It is not a choice of high tech or agriculture. We need to do both.
The Transatlantic Trade and Investment Partnership (TTIP), now being negotiated by the United States and the European Union, excites curiosity and concern. New Zealanders share Europe’s apprehensions about its possible implications for food security and about the need to maintain high health, safety, and environmental standards. They are also concerned about the bilateral nature of the agreement and the apparent absence of provisions for accession by third parties.
New Zealand is one of only six WTO members that do not have current or expected preferential trade deals with the EU. The abolition of transatlantic tariffs on food exports could put New Zealand at a further competitive disadvantage. There are high tariff peaks for dairy and meat products in the EU and United States which would still apply to New Zealand exports.
This is why the best outcome would be to conclude the Doha round and have a multilateral agreement to reduce tariffs. Without that we run the risk of bilateral and plurilateral trade agreements disadvantaging New Zealand in a relative sense.
More fundamentally, New Zealanders recognize TTIP’s potential for strengthening the rules-based international trading system, in which they have a strong interest. After the failure of the Doha Development Agenda, there may never again be another comprehensive round of global trade liberalization, despite the modest breakthrough in Bali last year.

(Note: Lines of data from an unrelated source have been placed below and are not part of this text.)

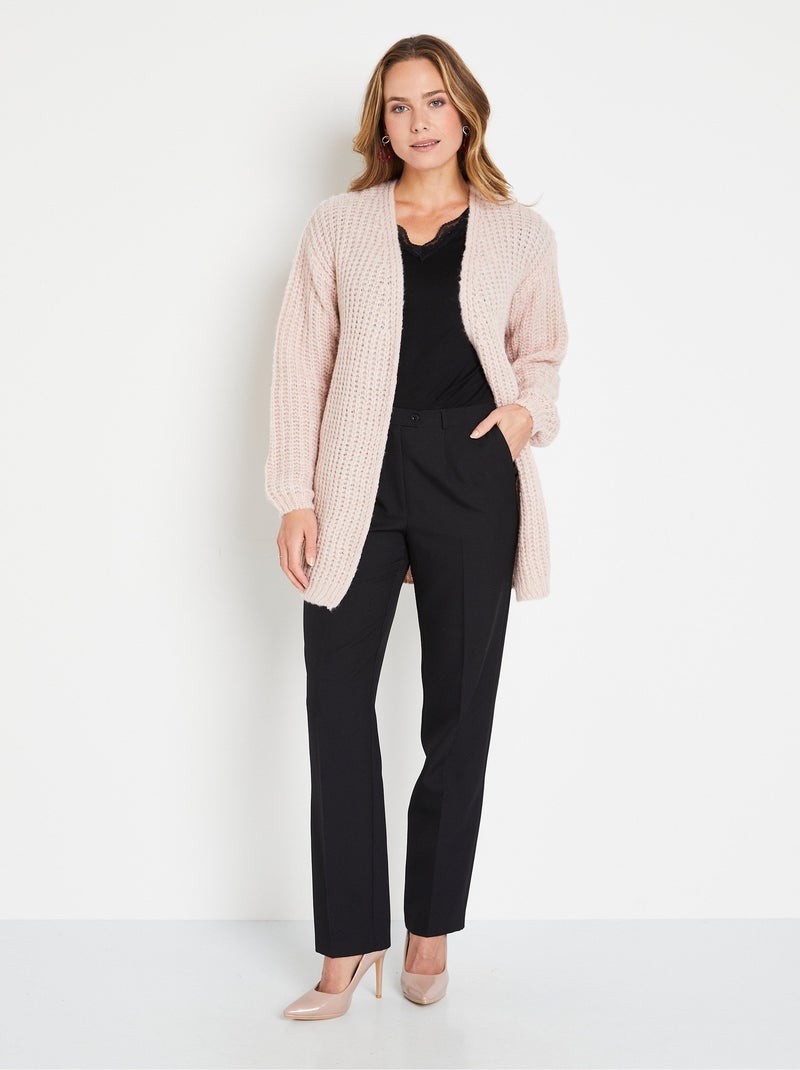 Gilet long uni bord à bord grosse maille - Afibel Beige/Rose - Kiabi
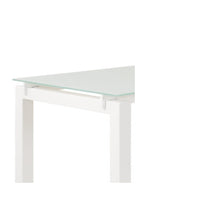 Metal L Shape Desk with Frosted Glass Top and Block Legs, White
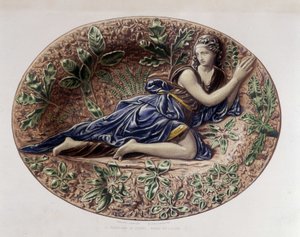 Madeleine i ørkenen - Keramikkfat, i "" The work of Bernard Palissy"" av C. Delange og C. Borneman, Paris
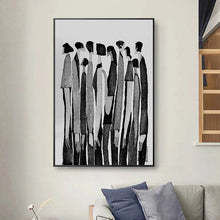 Load image into Gallery viewer, Modern Abstract Figure Art Canvas Print by Allthingscurated featured abstract human silhouettes in black and white is well suited for a contemporary and modern home with a minimalist vibe.
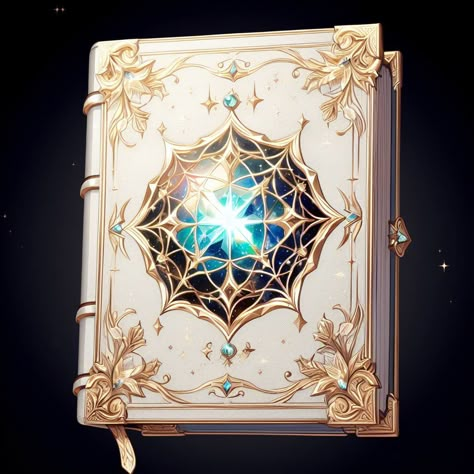 Cover: The tome's cover is bound in ethereal white leather, adorned with celestial motifs and intricate golden filigree. In its center is a radiant, luminescent gemstone that seems to mirror the night sky's constellations. This gemstone is said to be a fragment of the cosmic fabric, symbolizing the connection between the divine and the cosmos. White Book Cover Design, Magic Book Drawing, Celestial Motifs, Artifact Art, Desain Buklet, Magic Spell Book, Magical Book, Fantasy Props, My Fantasy World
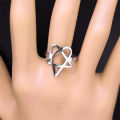 Heartagram Symbol of HIM Music Band Ring for Women Men Stainless Steel Hollow Heavy Metal Finger Rings Jewelry RRRXXXS03.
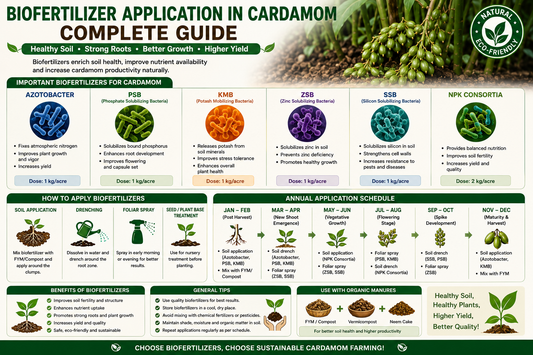 Biofertilizer Application Methods for Cardamom Plantation for Higher Yield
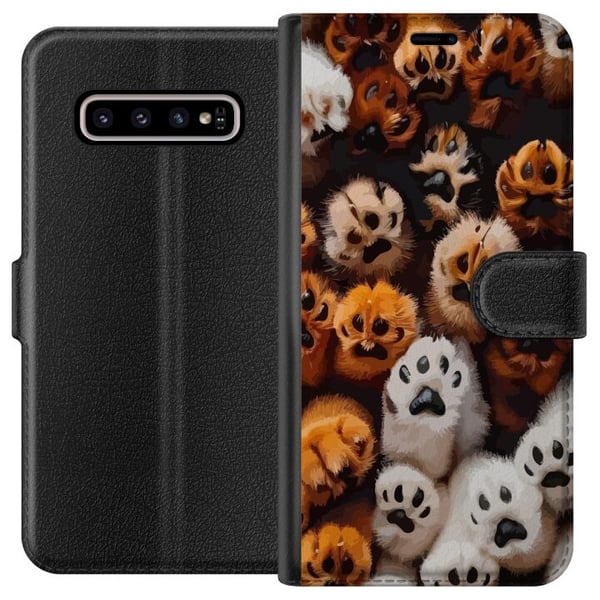 Kompatibelt Plånboksfodral till Samsung Galaxy S10+ Djurens tassar i närbild gullig och detaljrik design fylld av värme mjukhet och lekfull energi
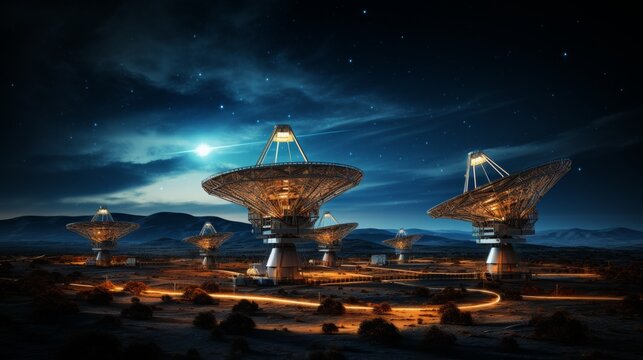 Satellite dish array illuminated by starlight in a remote landscape at night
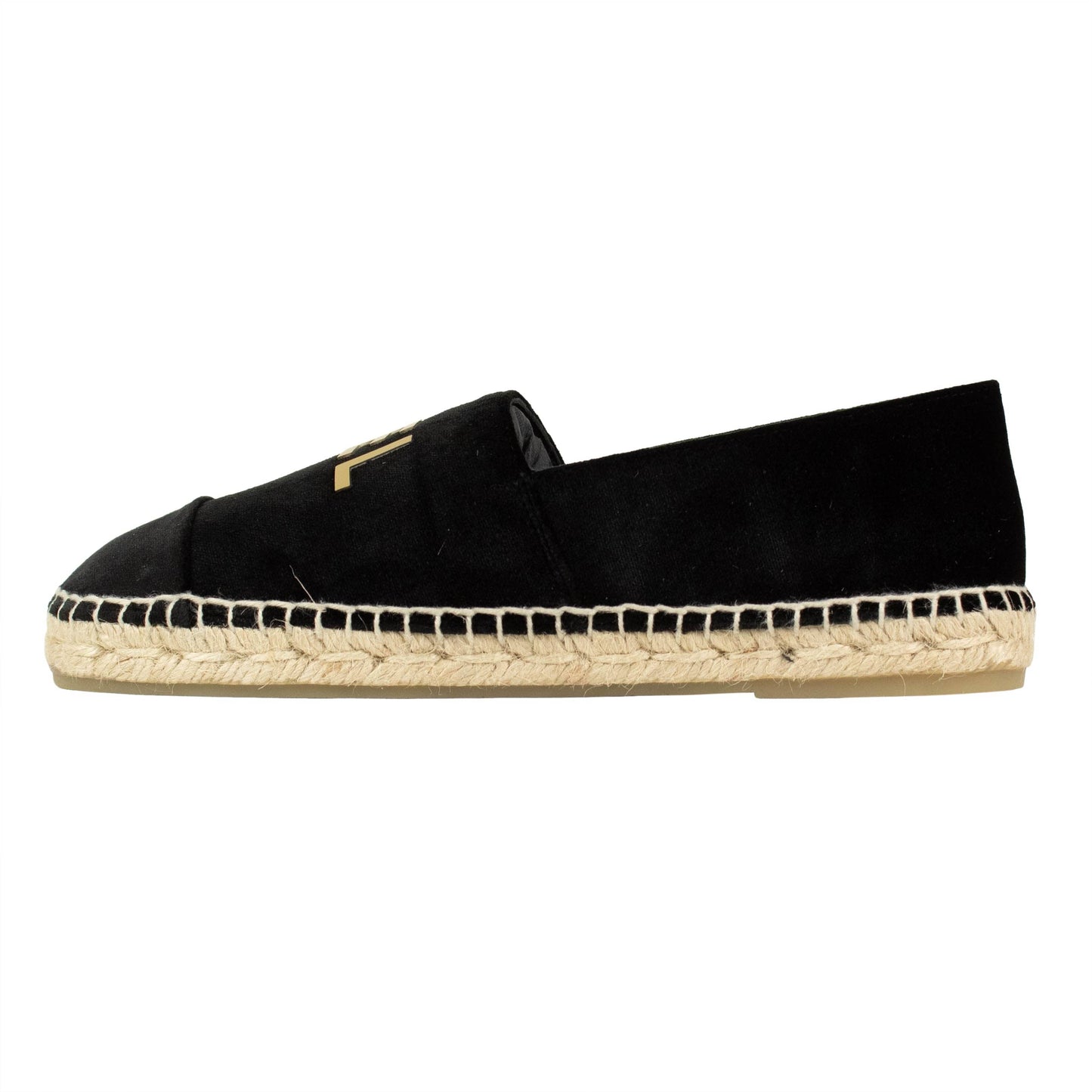 Velvet 'Chanel' Gold Lettering Espadrilles - Black
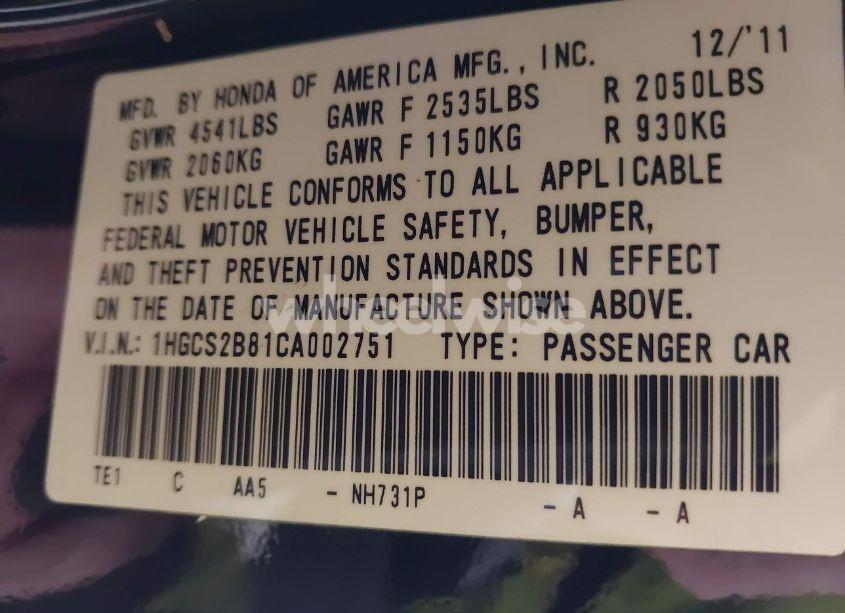 Photo 9 of 2012 Honda Accord 3.5 EX-L (VIN 1HGCS2B81CA002751)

New Zealand would then have to rely on bilateral agreements such as its FTA with China, or the agreement under negotiation with Russia.
It is hard to see the Doha round ever being completed.
Kiwis are under no illusion concerning these countries’ commitments to intellectual property protection, health and safety standards, or judicial independence. New Zealand suspended trade negotiations with Vladimir Putin’s cherished Customs Union after Russia’s forceful annexation of Crimea. This and tensions in the South China Sea are reminders that Moscow and Beijing may not always be reliable partners. TPP and TTIP would effectively set global standards which could be adopted by countries around the world and codified by the WTO.
Former U.S. Secretary of State Hillary Clinton described TTIP as the economic equivalent of NATO. For all their geographic isolation and growing economic integration with Australia, Asia, and the Pacific, New Zealanders feel they belong to the West and would broadly welcome TTIP as reinforcing values they share with Europe and the United States.
I’ve not paid too much attention to TTIP (as opposed to TPP), but maybe it could be the base for a NZ-EU agreement of our own one day?